SUPPLIED RECORDS -
▬▬▬▬▬▬

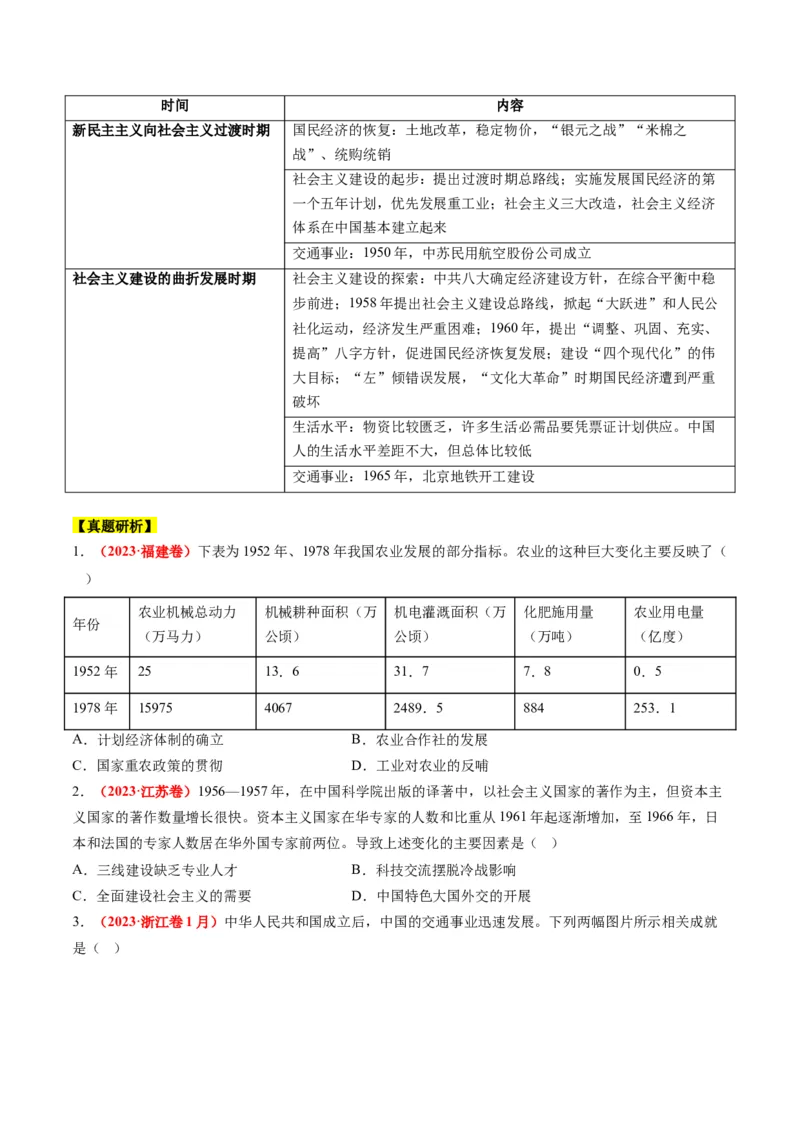 专题05近现代中国的经济变迁（讲义）（原卷版）_07高考历史_2024年新高考资料_2.2024二轮复习_2024年高考历史二轮复习讲练测（新教材新高考）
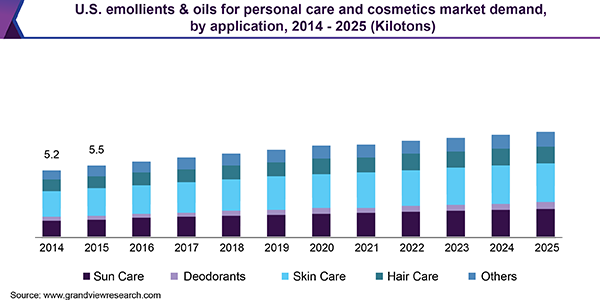 U.S. emollients & oils for personal care and cosmetics market size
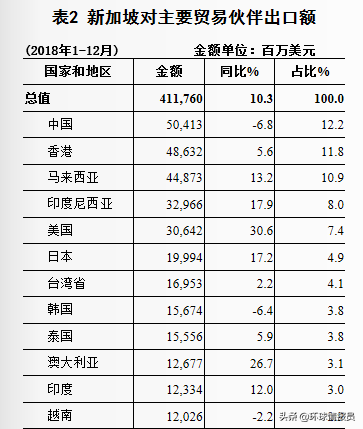 新加坡：庆祝“讲华语运动”40周年，新加坡为什么再次重视华语？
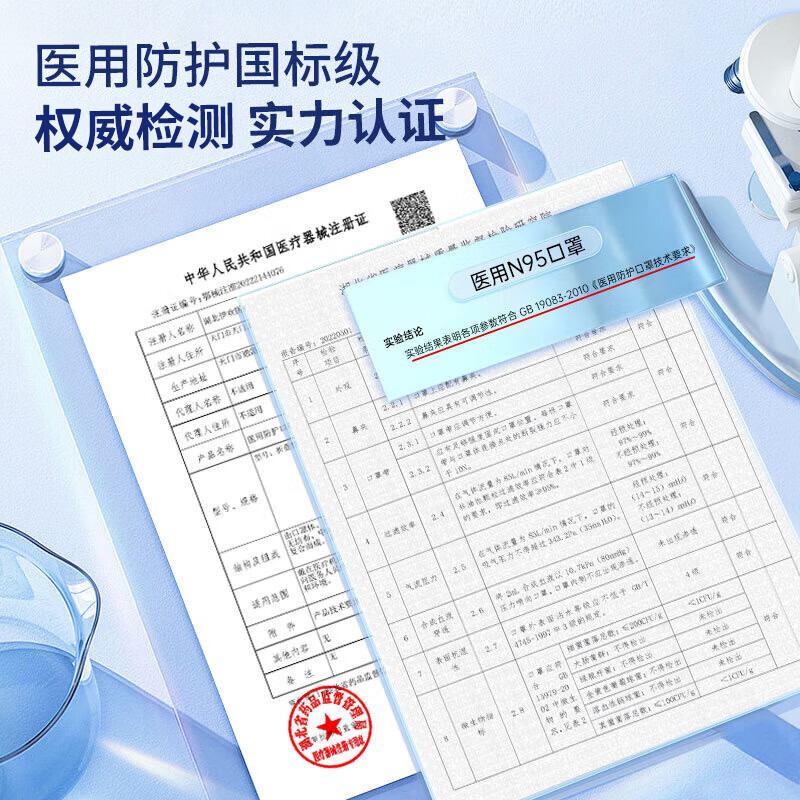 H&K N95型口罩 n95级医用防护口罩 一次性医疗级别独立包装 白色20只 9.9元 - 线报酷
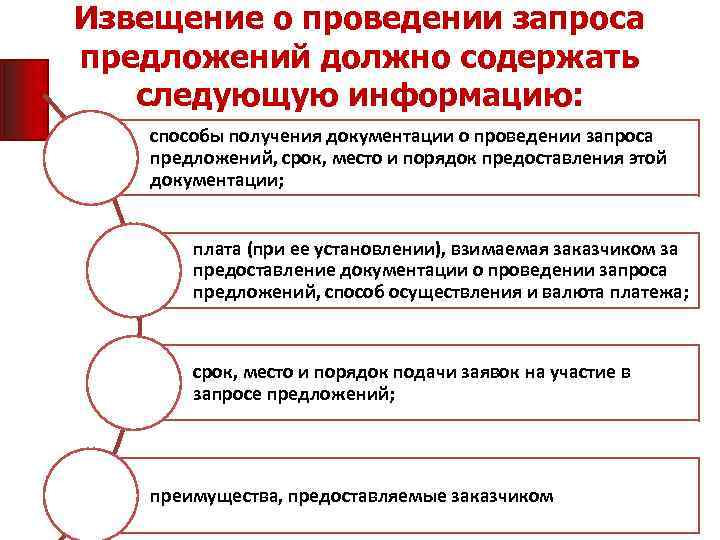 Извещение о проведении запроса предложений должно содержать следующую информацию: способы получения документации о проведении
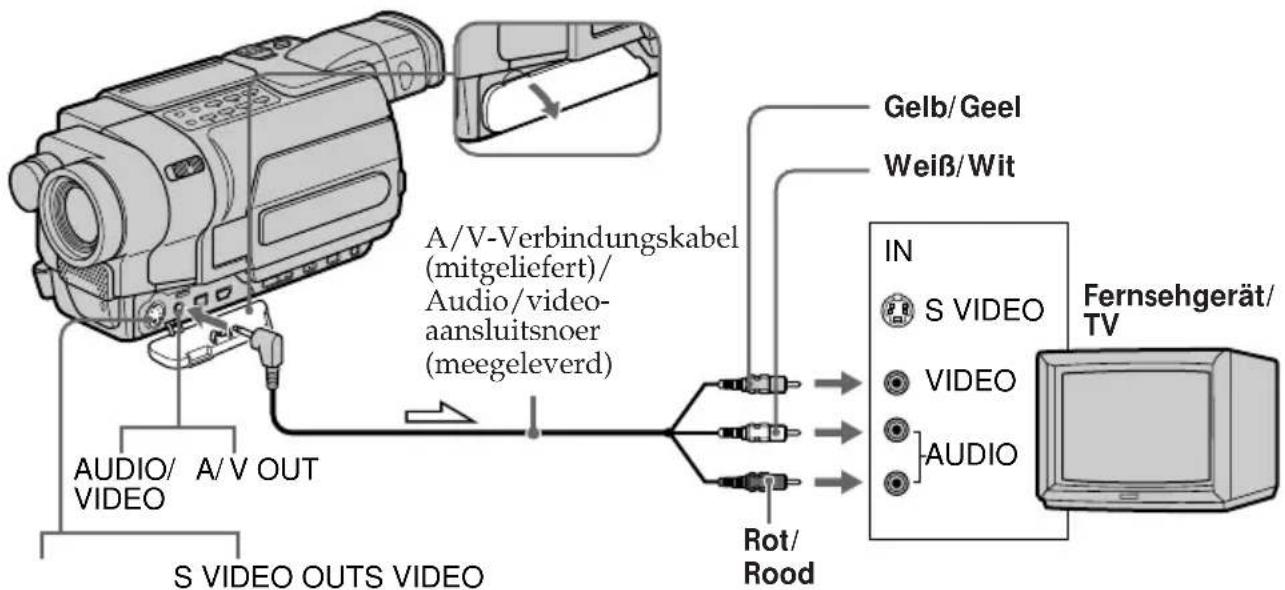 A/V-Verbindungskabel (mitgeliefert)/ Audio/video-aansluitsnoer (meegeleverd) Gelb/Geel Weiß/Wit S VIDEO OUTS VIDEO Rot/Rood IN S VIDEO VIDEO AUDIO Fernsehgerät/ TV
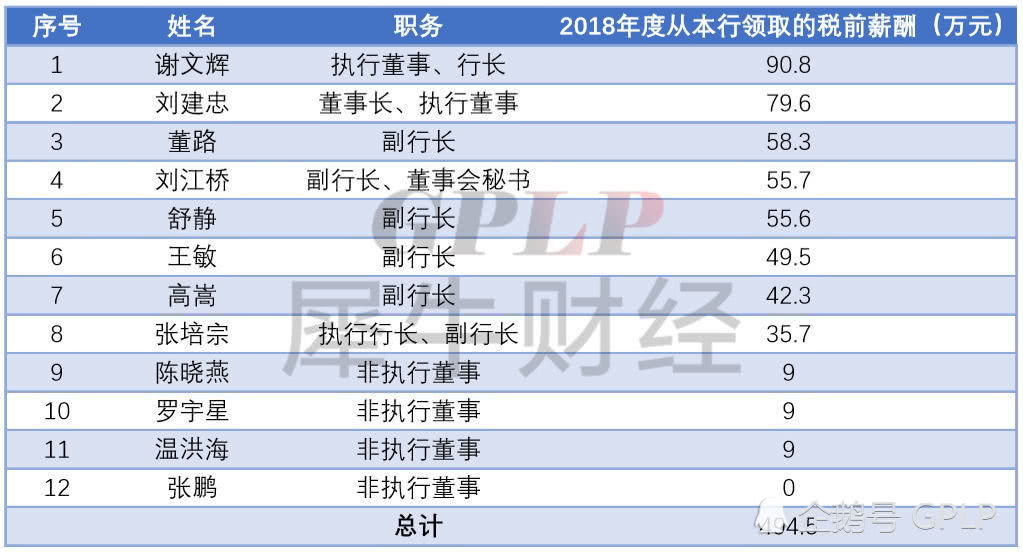 渝农商行董事高管掏74万元稳股价？上市后市值蒸发超456亿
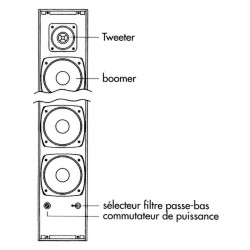 CO 120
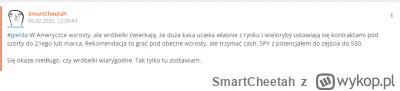 SmartCheetah - #gielda Jeszcze nie ma tragedii, mam nadzieję, że to nie początek czeg...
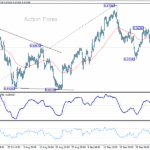 audusd20251008a1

▬▬▬▬▬▬

TASK DESCRIPTION - Take the line containing "A/V-Verbindungskabel (mitgeliefert)/ Audio/video-aansluitsnoer" and every line after it up to the end of the data, and write them out exactly, without the pictures.

FINISHED EXERCISE -
 A/V-Verbindungskabel (mitgeliefert)/ Audio/video-aansluitsnoer (meegeleverd) Gelb/Geel Weiß/Wit S VIDEO OUTS VIDEO Rot/Rood IN S VIDEO VIDEO AUDIO Fernsehgerät/ TV
 渝农商行董事高管掏74万元稳股价？上市后市值蒸发超456亿
 CO 120
 SmartCheetah - #gielda Jeszcze nie ma tragedii, mam nadzieję, że to nie początek czeg...
 audusd20251008a1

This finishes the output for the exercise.